This puzzle presents as a simple chat room with a stated goal: All your team has to do is count to 100, one by one, without skipping or repeating any numbers. This is a traditionally difficult coordination exercise in live chats worldwide. To better simulate the posting conditions to which solvers may be accustomed, we have provided our own trolls to assist with the task (since we know that none of our solving teams contain Internet trolls at all). The moment any participant successfully counts 100, the page reveals the correct answer, YOSHIMITSU.

The behavior of the six automated trolls is described below, in the order of their expected appearance. Their names have no special significance except to hint at their behavior.

Talk Like an Animal

As an initial layer of difficulty, all participants in chat are assigned a random animal name to better disguise the presence of our automated trolls. We hope you all enjoyed telling off whichever of your human team members you thought was the Helpful Firefly.

Helpful Firefly

An example of Helpful Firefly participating in the count.

Helpful Firefly announces its presence after some number N with a suitably human-like message. It then counts N+1 and, three seconds later, N+3. This tests the solving team's ability to designate exactly one person to submit N+2 in the small window of reaction time given.

In addition, teams that are too efficient in their counting may find that all their active members are on the five-second message cooldown when Helpful Firefly appears.

Singing Creodont

An example of Singing Creodont interrupting the count.
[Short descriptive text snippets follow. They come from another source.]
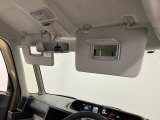 【サンバイザー】車内で身だしなみを整えるためのバニティミラーがセット。お化粧直しや髪型のチェックに活用できます。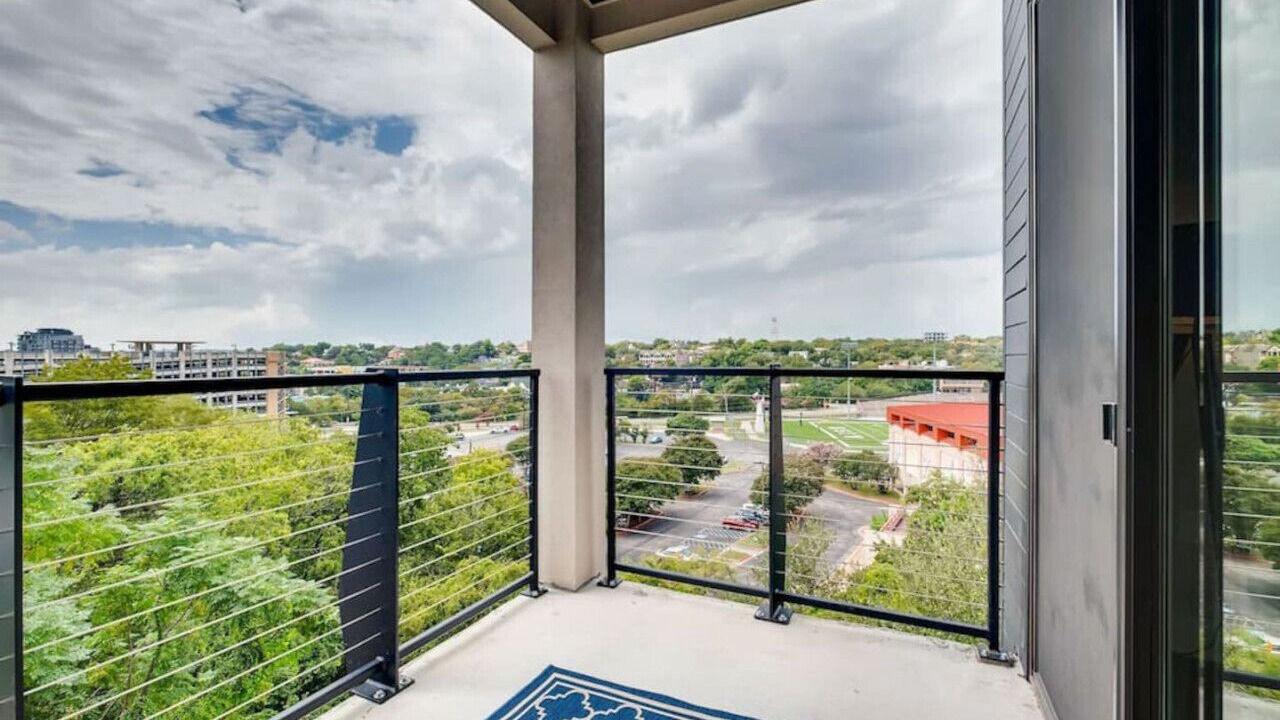 Photo of Outdoor in West End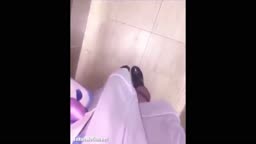 バイブ挿れて立ったままアクメ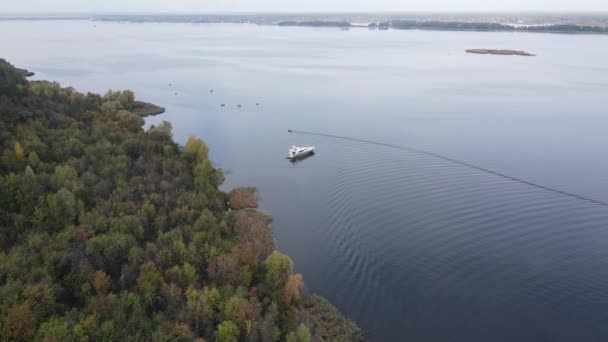 Вид згори на річку Дніпро - головну річку України. — стокове відео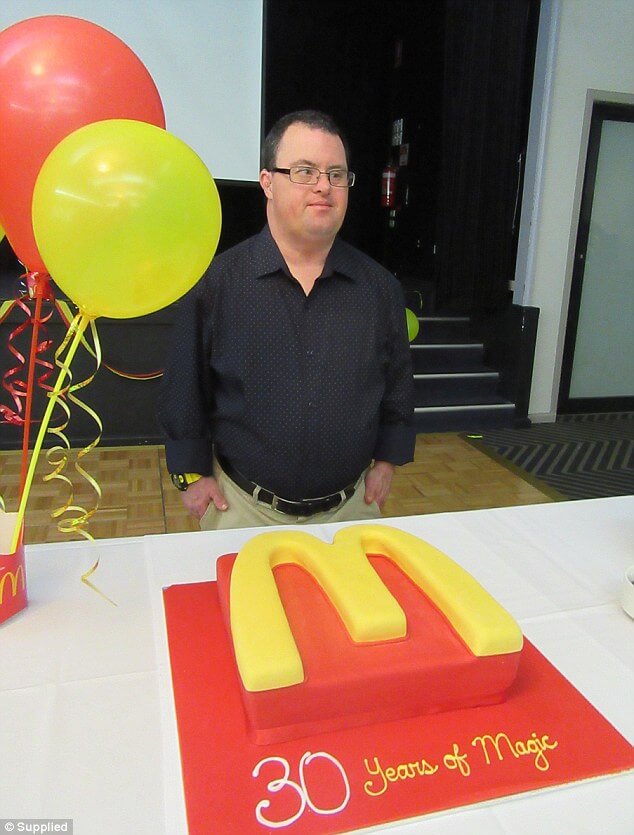 sabiaspalavras.com - Funcionário do MacDonald's com Síndrome de Down celebra 30 anos na empresa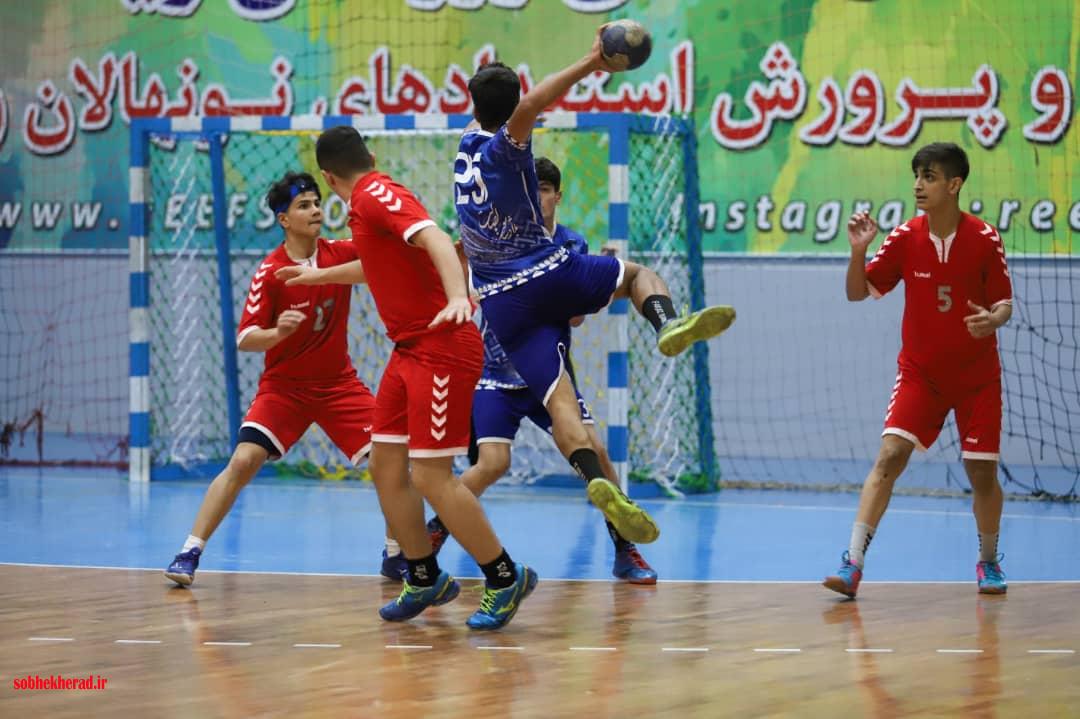 فرازبام از قهرمانی سیر نمی شود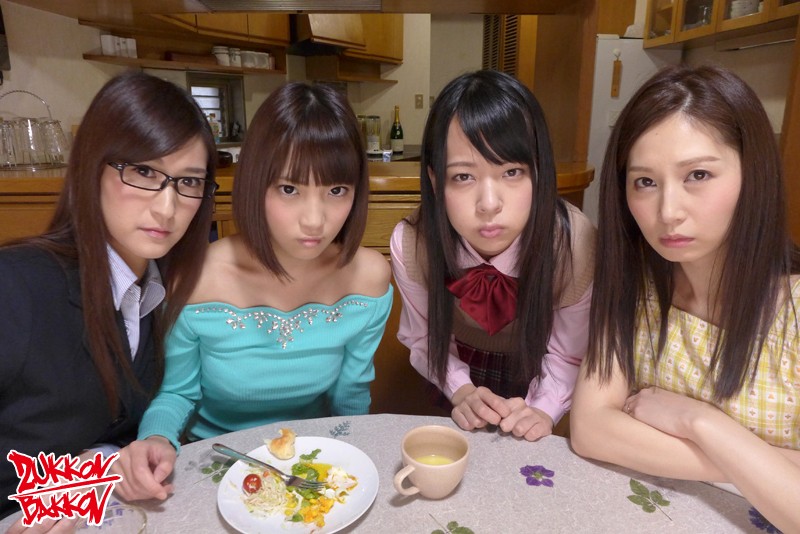 【中出し】 うちのエリート家族に催●術が効きすぎたから子作り 『FAN...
Singing Creodont is not a standalone entity, but instead replaces all chat text with some number of A's. This is a purely cosmetic effect — numeric inputs are still processed as normal, and replaced by that number of A's. While solvers can technically keep counting and ignore the Creodont, its yelling may interfere with their ability to recognize when one of the other trolls is in play.

Singing Creodont's effect can be disabled by singing along, providing the correct number of A's (e.g. 13, in the case of Ember Husky above). Providing an incorrect number of A's registers as a counting failure.

Quizb Owl

An example of Quizb Owl asking a trivia question.

Quizb Owl asks relatively simple trivia questions. The problem is that their answers are all numbers, so solvers have to write them out in words to avoid a miscount. Questions attempt to induce one of several failure modes — timeout failure because the spelled-out version of the number is long; communication failure because the answer is chosen to be in the vicinity of a number that is the correct count; and brain failure because the question nerd snipes hard enough for the answerer to forget about the whole use-words thing.

Quizb Owl insists upon an answer within forty seconds, posting increasingly agitated reminders every ten seconds. At the forty second mark, Quizb Owl posts the correct answer, as a number, which may trigger a miscount.

Automated Viper

An example of Automated Viper attempting to backsolve the puzzle.

Automated Adder Viper tries to backsolve this puzzle through a long and complicated simulation process that is equivalent to summing the two components of its version number. Solvers need to race with the Viper's startup process to make sure that their expected count is at the right place when the Viper spits out its projected answer to the problem.

The amount of time allotted, and the Viper's eventual answer, are chosen so that a team of four will find the race to be fast but not impossibly so. Three people can manage it as long as they can dispatch other interfering bots easily. Two people have to play perfectly and might still be shut out by a bad roll (keeping in mind that each person can only post once every five seconds).

Twitchy Chat

An example of Twitchy Chat interrupting the count.

Twitchy Chat, much like its namesake, just wants solvers to know that it is good at solving puzzles too. It is sometimes correct and sometimes wrong, but never actually triggers a count or miscount.

Nice Ouroboros

An example of Nice Ouroboros getting very excited about reaching 69.

Nice Ouroboros just wants to post the meme number.